The OCP has compiled several extensive collections since 2002. One of the most interesting for genealogists is “Immigration to the United States, 1789–1930.” While the collection stretches from the signing of the Constitution to the start of the Great Depression, the greatest focus is on the nineteenth century. The collection includes 1,800 books and pamphlets, 9,000 photographs, 200 maps, and 13,000 pages from manuscript and archival collections.
You can search the collection by keywords, or browse through individual items. The browse function allows you to view items by genre (books and pamphlets, photographs, or manuscript material) or by subject (topics, themes, people, organizations, or timeline). The topics are divided into dozens of categories and sub-categories. Themes include the Chinese Exclusionary Act, Scandinavian Immigration, and the Settlement House Movement. Both sides of immigration are illustrated with organizations such as the Children’s Aid Society, North Bennet Street School, and the Immigration Restriction League.
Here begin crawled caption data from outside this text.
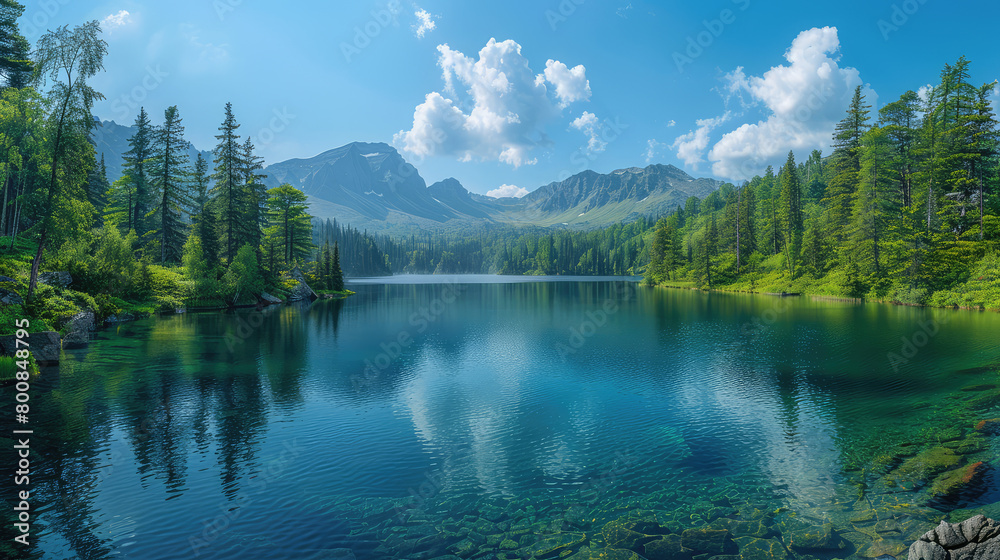  Beautiful panoramic view of the mountains and forest around an emerald lake in Poland. Created with Ai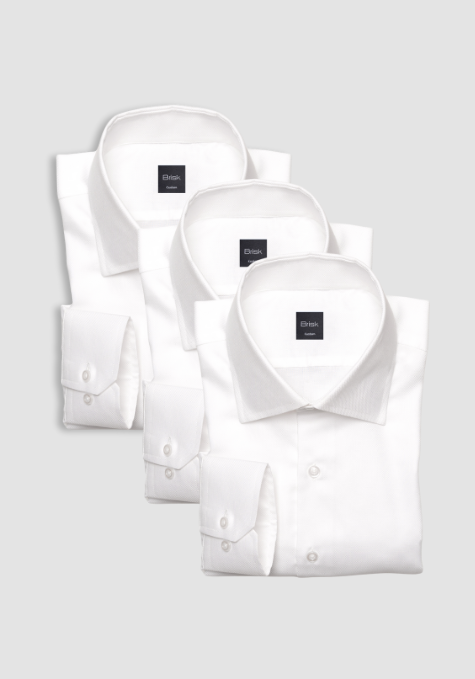 Fine White Royal Oxford Shirts - 3 Pack Bundle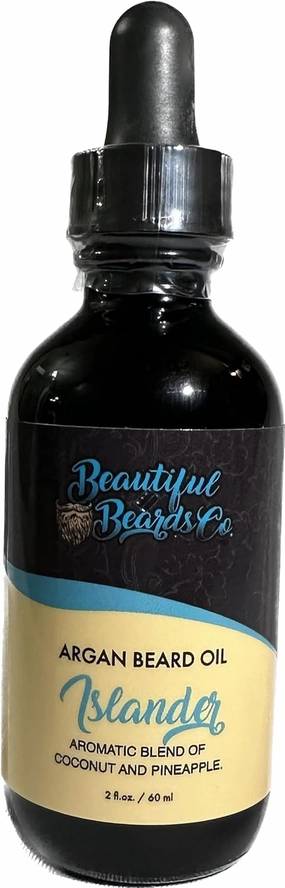 Islander Beard Oil - Mens Natural Beard Oil with Argan and Jojoba Oil - Strengthens and Moisturizes (2oz, Islander - Coconut, Pineapple)
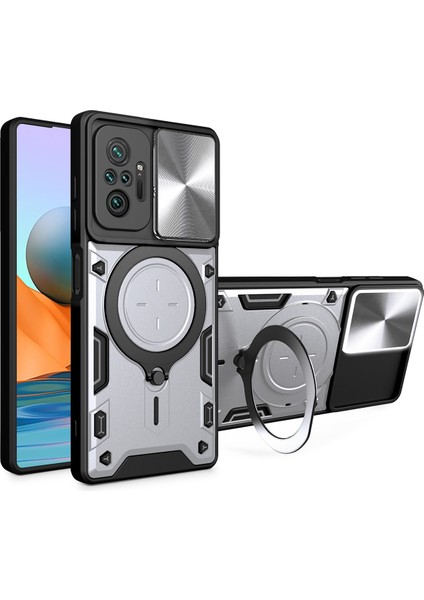 Xiaomi Redmi Note 10 Pro /note 10 Pro Max Için Çift Katmanlı Telefon Kılıfı, Slayt Kamera Kapağı ve Metal Gizli Braket ile Gümüş (Yurt Dışından)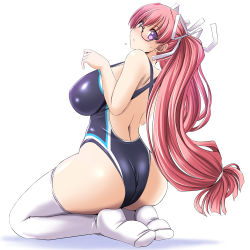 Rule 34 | 1girl, ass, black one-piece swimsuit, blush, breasts, competition swimsuit, from behind, glasses, head tilt, kneeling, large breasts, log-mi (tonpuu), long hair, one-piece swimsuit, original, pink hair, ponytail, purple eyes, solo, swimsuit, thighhighs, tonpuu, white thighhighs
This collection can teach you a great deal about the immigration process, reasons for emigration/immigration, first-hand experiences of immigrants, and the historical context of immigration. One of the books available online, for example, is America’s Race Heritage: An Account of the Diffusion of Ancestral Stocks in the United States During Three Centuries of National Expansion, and a Discussion of its Significance by Clinton Stoddard Burr, published in 1922. In discussing later immigration, Burr states:
“But from the year 1845 the crest of the immigration flood shows waves and troughs directly corresponding to economic or other variations in foreign countries, or to industrial conditions in the United States. The first great influx occurred in the decade from 1845 to 1854, when the potato famine in Ireland and the revolution in Germany brought many thousands to this country. The gold rush to California also attracted thousands, from England and other countries of Europe. Then followed a depression during the War of the Rebellion, recovery following only after the signing of the peace.” (p. 91)
Stoddard also imparts the view of many nativists of the time when he states:
“If we could recall the years, how many of us would wish the South to be populated in part with Negroes? Yet an even more rampant danger, from so-called white people of lowest quality, now threatens our native white stock; for we may segregate the Negro because of his remote racial type, but the qualities of low class Europeans will gradually and inevitably demoralize our body politic through introduction of a new heredity character and temperament among us.” (p. 168)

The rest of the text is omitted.